--- START ---

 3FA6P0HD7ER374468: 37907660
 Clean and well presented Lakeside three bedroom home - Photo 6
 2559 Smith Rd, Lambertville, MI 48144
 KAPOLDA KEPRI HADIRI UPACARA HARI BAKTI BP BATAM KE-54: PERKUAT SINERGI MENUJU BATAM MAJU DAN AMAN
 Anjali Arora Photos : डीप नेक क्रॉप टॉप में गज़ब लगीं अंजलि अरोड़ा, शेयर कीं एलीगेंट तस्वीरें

--- END ---
--- START ---

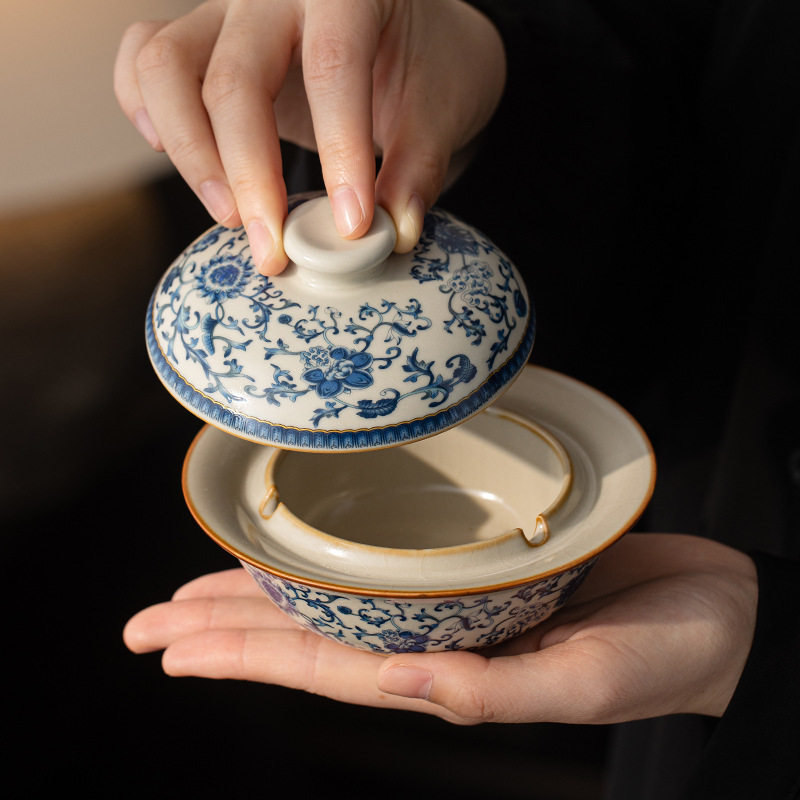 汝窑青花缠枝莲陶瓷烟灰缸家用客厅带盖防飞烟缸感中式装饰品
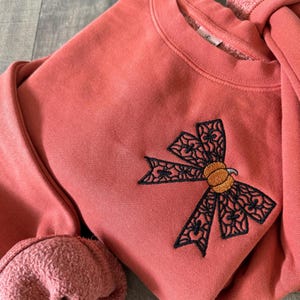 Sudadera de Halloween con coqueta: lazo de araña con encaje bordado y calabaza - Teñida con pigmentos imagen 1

--- END ---

• _WORK REQUIRED_: Look above for the line holding "3FA6P0HD7ER374468: 37907660" and the line holding "Anjali Arora Photos", then output exactly those two lines and every line between them, nothing more.

• _RESULT OF THIS EXERCISE_:
 3FA6P0HD7ER374468: 37907660
 Clean and well presented Lakeside three bedroom home - Photo 6
 2559 Smith Rd, Lambertville, MI 48144
 KAPOLDA KEPRI HADIRI UPACARA HARI BAKTI BP BATAM KE-54: PERKUAT SINERGI MENUJU BATAM MAJU DAN AMAN
 Anjali Arora Photos : डीप नेक क्रॉप टॉप में गज़ब लगीं अंजलि अरोड़ा, शेयर कीं एलीगेंट तस्वीरें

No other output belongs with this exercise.